RECORDS SHOWN:
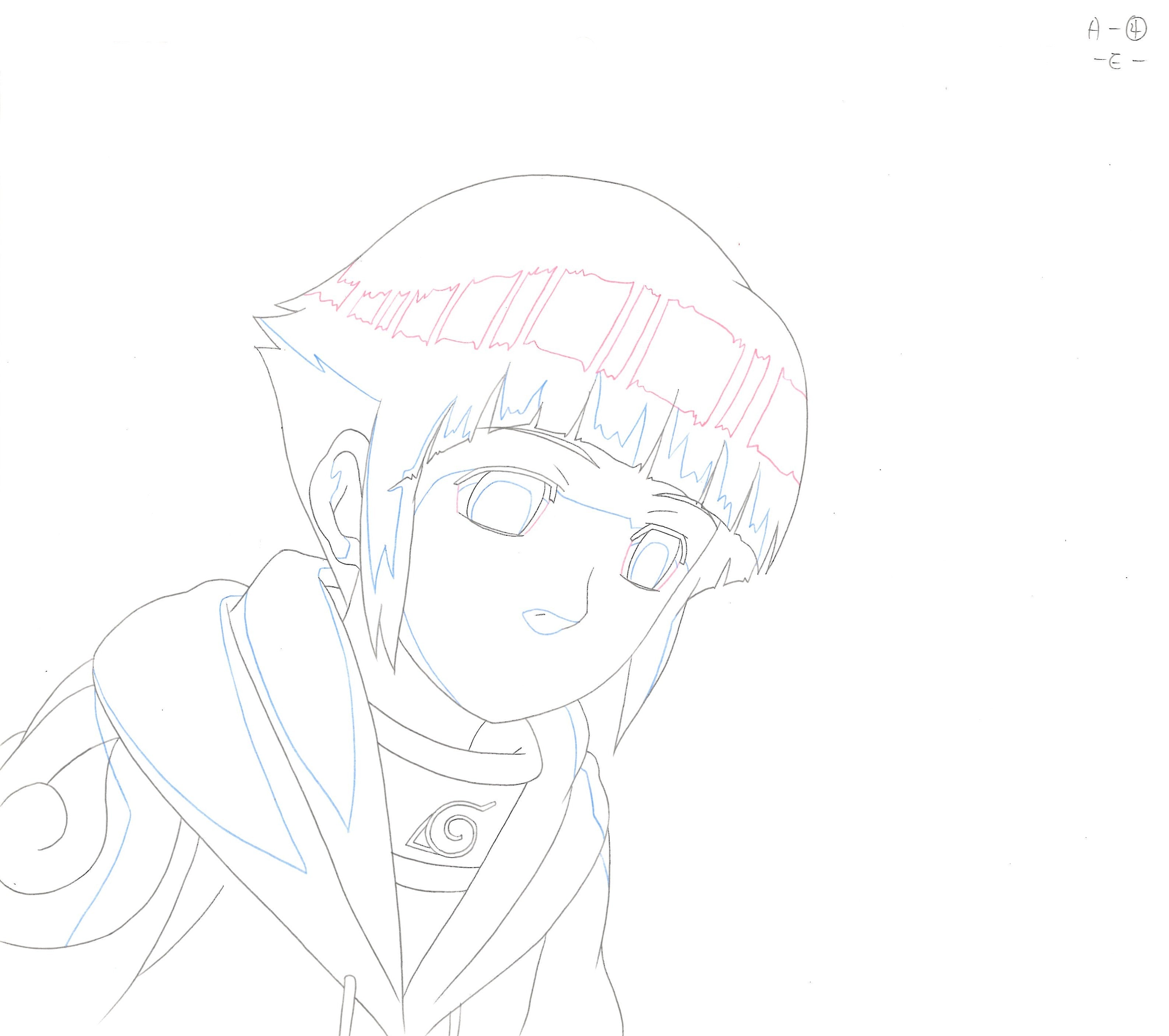 Naruto Original Sketch (Hinata Hyuga) 6 pages Set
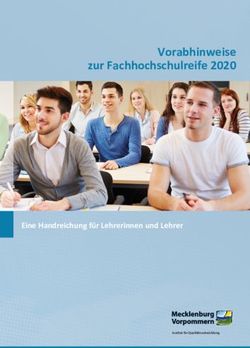 Vorabhinweise zur Fachhochschulreife 2020 - Eine Handreichung für Lehrerinnen und Lehrer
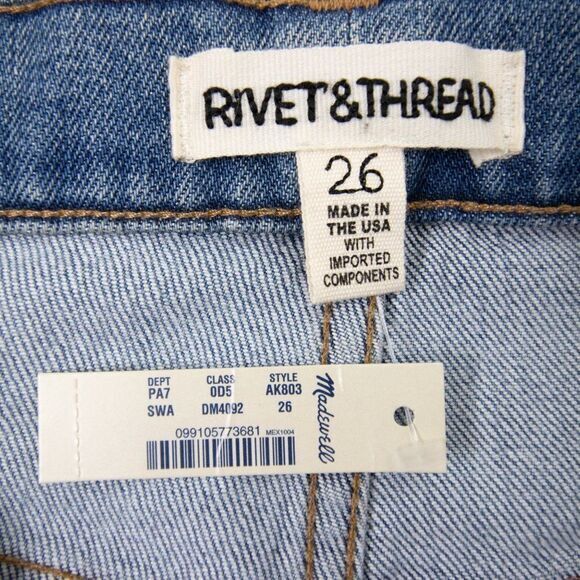 Madewell‎ made in USA Rivet & Thread Cali Demi-Boot Jeans in Shetland Wash - Picture 10 of 16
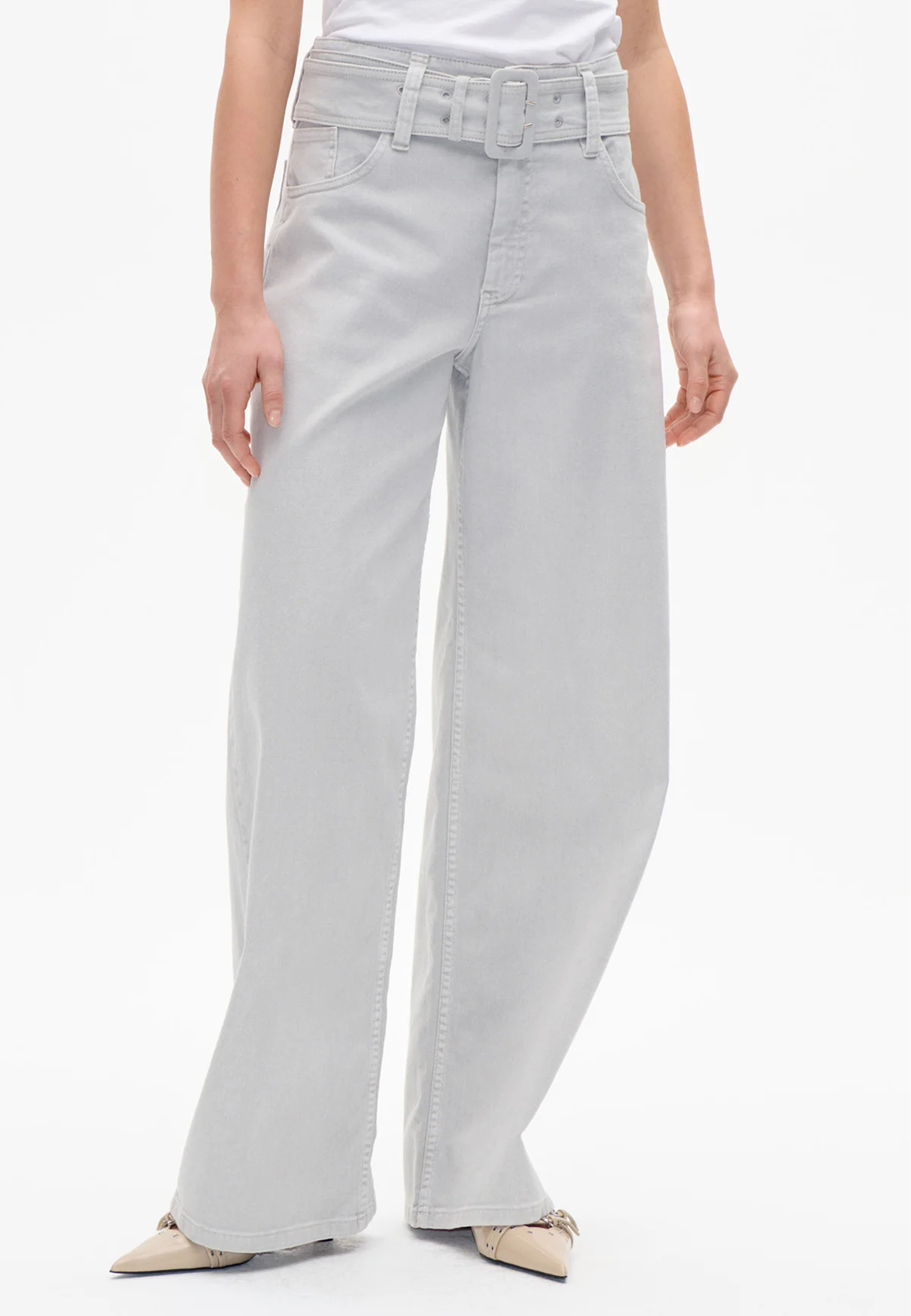 Nadja Wide Leg Jeans | Opal Gray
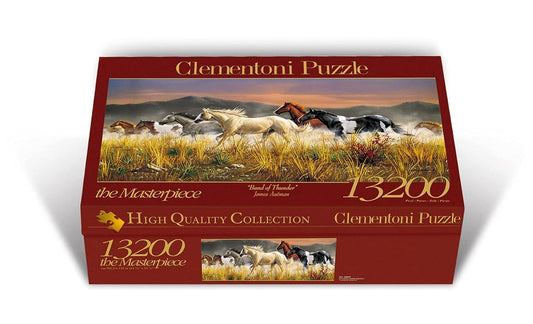 Clementoni 38006 Band Of Thunder - Puzzle 13200 Pieces, skill game for the whole family, colorful puzzle, adult puzzle for ages 14 and up.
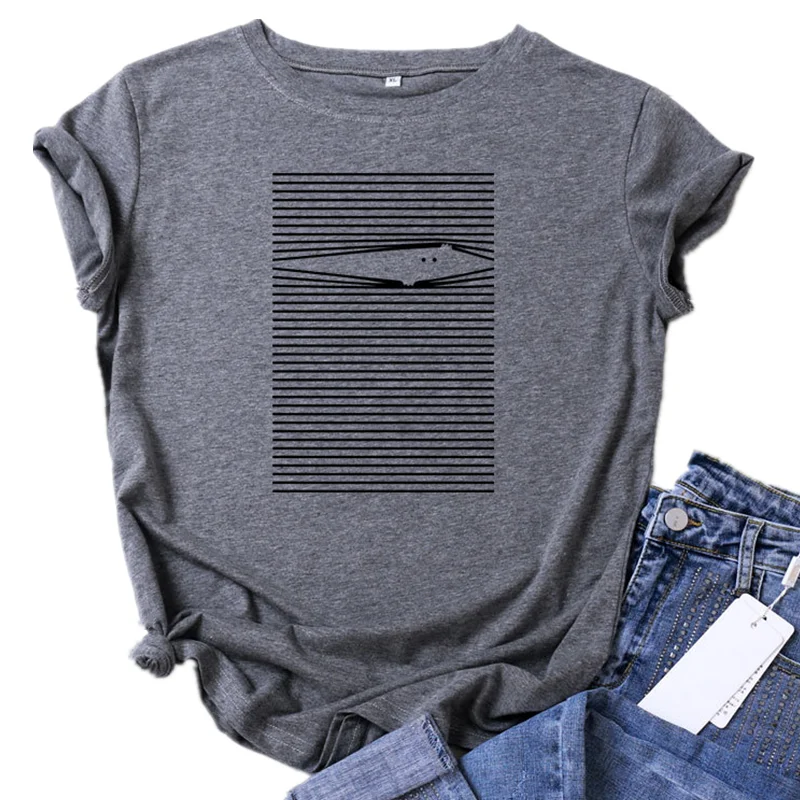 MK Women Casual Pure Cotton T Shirts Short Sleeves Funny Graphic Female Loose Basic Tees Summer S-XXL Oversized Tops | Женская одежда
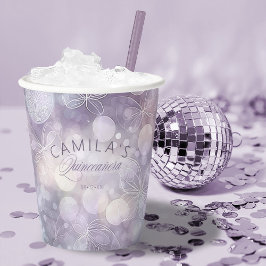 《写真》ぼけ味と蝶キンセアニェラID1030 紙コップ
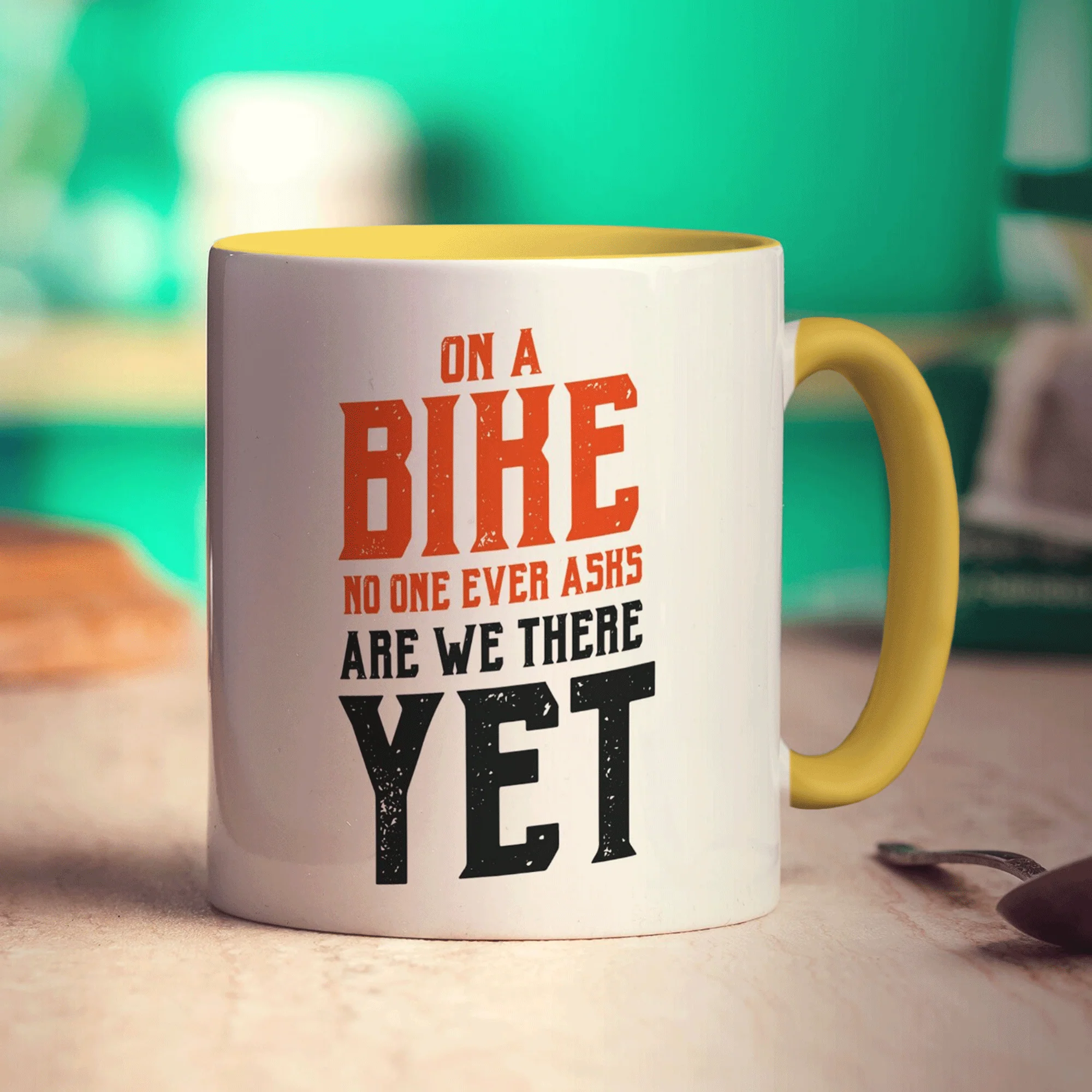 On a Bike No One Ever Asks Are We There Yet Mug - Image 5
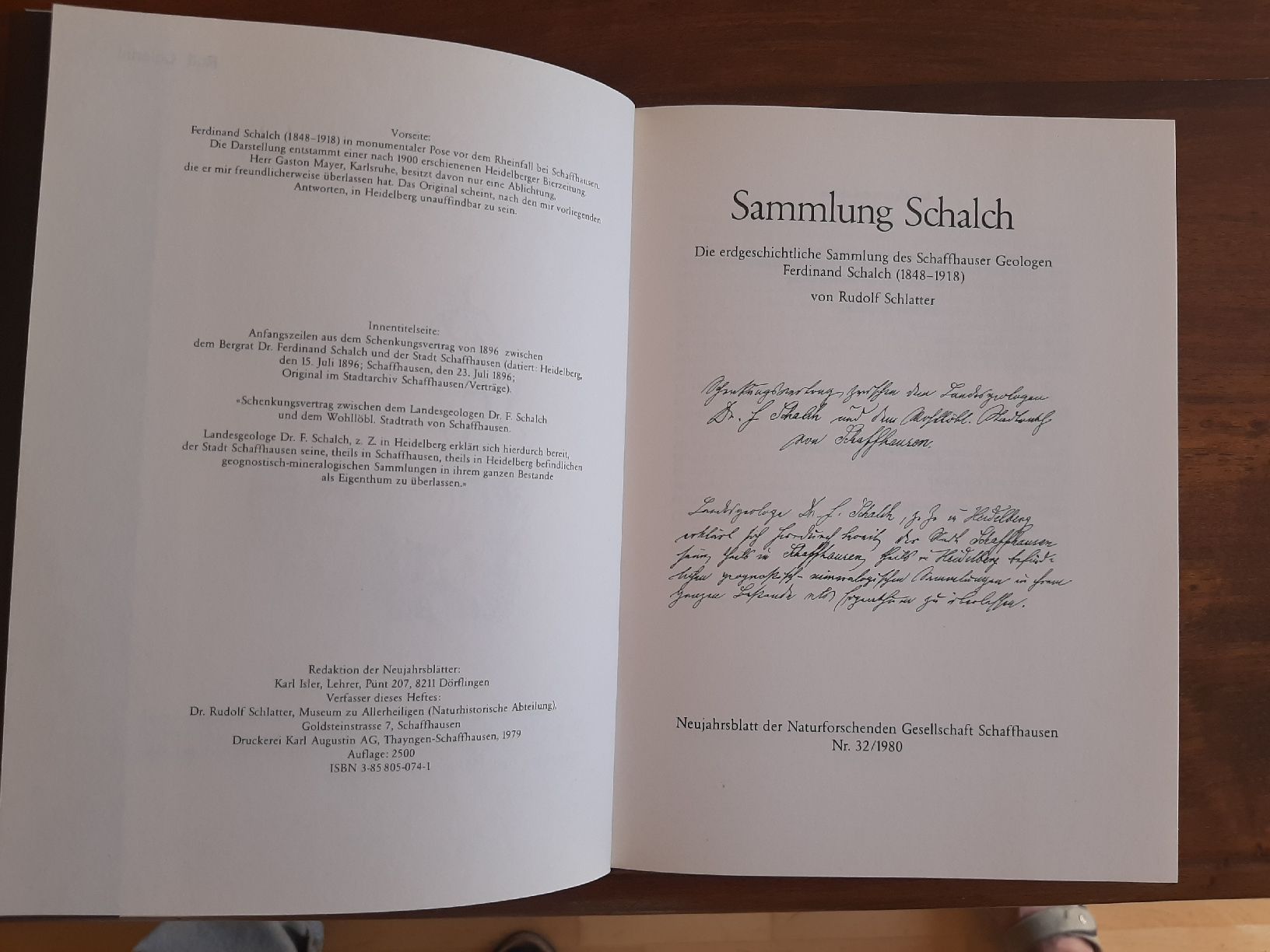 Libri: Buch Fosslien Sammlung Schalch – Usato da Rickenbach BL venduto da Oktober68 4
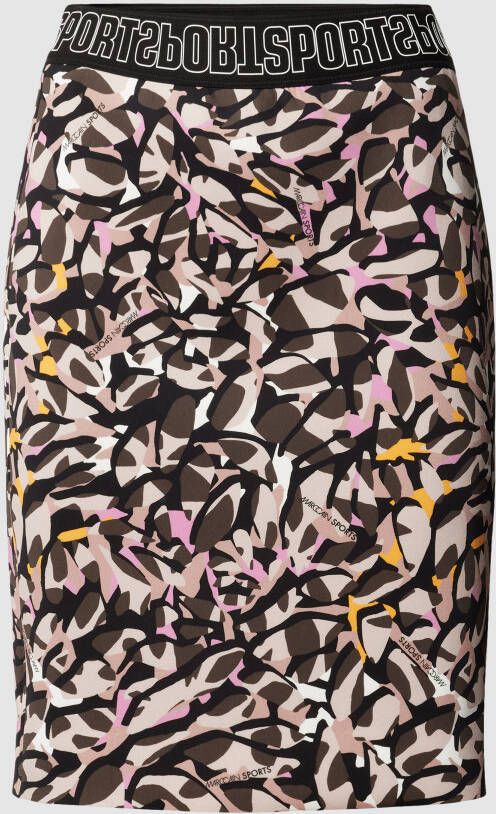 Marc Cain Camouflage Print Korte Rok Pink Dames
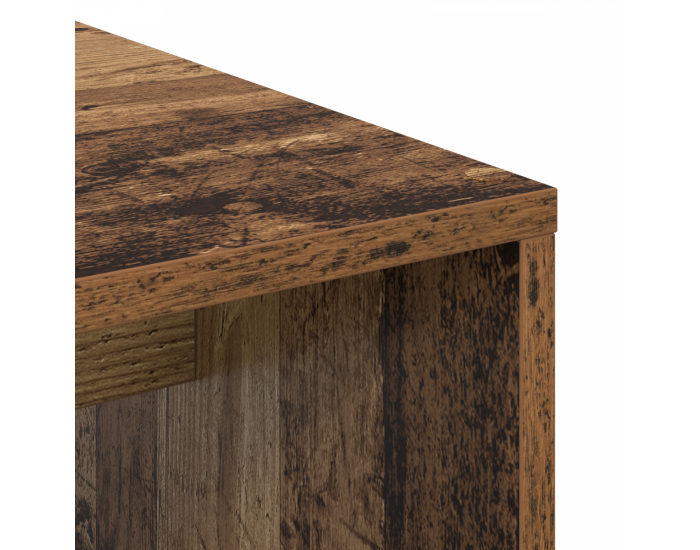 Sonata H Деск с Съхранение Стара Дървесина Инженерна Дървесина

DIRECTIONS: For the data above, set down exactly the lines from the line with "Nadja Wide Leg Jeans | Opal Gray" to the line with "Clementoni 38006 Band", both included, leaving pictures out.

RESPONSE BELOW:
 Nadja Wide Leg Jeans | Opal Gray
 Clementoni 38006 Band Of Thunder - Puzzle 13200 Pieces, skill game for the whole family, colorful puzzle, adult puzzle for ages 14 and up.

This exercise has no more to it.